Authorities initially detained 513 monks, one novice, 167 men and 30 women lay disciples, but most were released, state media said. It said “109 monks and nine men are still being questioned.”
On Thursday, state media has said nearly 2,100 people were detained in the crackdown, with almost 700 released. Dissident groups say about 6,000 people were detained, including thousands of monks.
The official also told the monks that nonreligious material was seized from the monastery, including pornographic videos, literature belonging to Suu Kyi’s party, headbands printed with a Nazi swastika or a U.S. flag.
The official denied foreign media reports that monks were killed and injured in the crackdown, the statement said.
It said the body found floating in Pazundaung Creek in eastern Yangon last week was not that of a monk, as reported by a dissident group, but of a man “with a piece of saffron robe tied round the neck.”
It blamed “internal and external destructive elements of inciting the monks who could tarnish the honor of the religion.”
Talk of sanctions
Myanmar has been ruled by the military since 1962. The current junta came to power after routing the 1988 pro-democracy uprising. Suu Kyi’s party won elections in 1990 but the junta refused to accept the results.

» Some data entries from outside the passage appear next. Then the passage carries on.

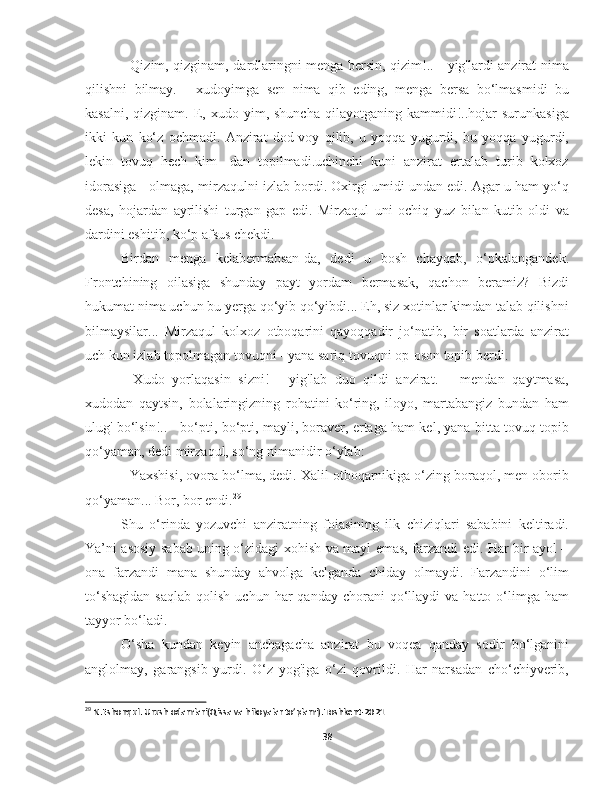 - Qizim, qizginam, dardlaringni menga bersin, qizim!.. - yig'lardi anzirat nima
qilishni   bilmay.   -   xudoyimga   sen   nima   qib   eding,   menga   bersa   bo‘lmasmidi   bu
kasalni,  qizginam.   E,  xudo  yim,  shuncha   qilayotganing  kammidi!..hojar   surunkasiga
ikki   kun   ko‘z   ochmadi.   Anzirat   dod-voy   qilib,   u   yoqqa   yugurdi,   bu   yoqqa   yugurdi,
lekin   tovuq   hech   kim-   dan   topilmadi.uchinchi   kuni   anzirat   ertalab   turib   kolxoz
idorasiga - olmaga, mirzaqulni izlab bordi. Oxirgi umidi undan edi. Agar u ham yo‘q
desa,   hojardan   ayrilishi   turgan   gap   edi.   Mirzaqul   uni   ochiq   yuz   bilan   kutib   oldi   va
dardini eshitib, ko‘p afsus chekdi.
Birdan   menga   kelabermabsan-da,   dedi   u   bosh   chayqab,   o‘pkalangandek.
Frontchining   oilasiga   shunday   payt   yordam   bermasak,   qachon   beramiz?   Bizdi
hukumat nima uchun bu yerga qo‘yib qo‘yibdi... Eh, siz xotinlar kimdan talab qilishni
bilmaysilar...   Mirzaqul   kolxoz   otboqarini   qayoqqadir   jo‘natib,   bir   soatlarda   anzirat
uch kun izlab topolmagan tovuqni - yana sariq tovuqni op-oson topib berdi.
-   Xudo   yorlaqasin   sizni!   -   yig'lab   duo   qildi   anzirat.   –   mendan   qaytmasa,
xudodan   qaytsin,   bolalaringizning   rohatini   ko‘ring,   iloyo,   martabangiz   bundan   ham
ulug' bo‘lsin!.. - bo‘pti, bo‘pti, mayli, boraver, ertaga ham kel, yana bitta tovuq topib
qo‘yaman, dedi mirzaqul, so‘ng nimanidir o‘ylab:
- Yaxshisi, ovora bo‘lma, dedi. Xalil otboqarnikiga o‘zing boraqol, men oborib
qo‘yaman... Bor, bor endi. 29
Shu   o‘rinda   yozuvchi   anziratning   foiasining   ilk   chiziqlari   sababini   keltiradi.
Ya’ni asosiy sabab uning o‘zidagi xohish va mayl emas, farzandi edi. Har bir ayol –
ona   farzandi   mana   shunday   ahvolga   kelganda   chiday   olmaydi.   Farzandini   o‘lim
to‘shagidan  saqlab   qolish  uchun  har  qanday  chorani  qo‘llaydi   va  hatto  o‘limga  ham
tayyor bo‘ladi. 
  O‘sha   kundan   keyin   anchagacha   anzirat   bu   voqea   qanday   sodir   bo‘lganini
anglolmay,   garangsib   yurdi.   O‘z   yog'iga   o‘zi   qovrildi.   Har   narsadan   cho‘chiyverib,
29
 N.Eshonqul. Urush odamlari(Qissa va hikoyalar to’plami).Toshkent-2021
38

Suu Kyi has spent nearly 12 of the last 18 years under house arrest and was awarded the 1991 Nobel Peace Prize for her democracy campaign.
The diplomatic moves by the military leaders appeared aimed at staving off economic sanctions while also pleasing giant neighbor China, which worries the unrest could cause problems for the 2008 Beijing Olympics.
Many governments have urged stern U.N. Security Council action against Myanmar, but China and Russia have ruled out any council action, saying the crisis does not threaten international peace and security.
“No international imposed solution can help the situation,” China’s U.N. Ambassador Wang Gunagya said Thursday.
Hamadoun Toure, secretary-general of the International Telecommunication Union — the U.N. telecoms agency — said the government’s decision to block Internet access violated its citizens’ right to communicate.
Secure access to the Internet is a basic human freedom that “needs to be preserved, no matter what,” Toure said.
Life in Yangon was slowly returning to normal but security remained tight in downtown areas where protests were crushed last week. A half-dozen military trucks were stationed near the Sule Pagoda, a flash point of the unrest.
The typically busy area around the city’s famed Shwedagon Pagoda was eerily quiet, with residents avoiding the area outside the temple where monks were beaten by troops.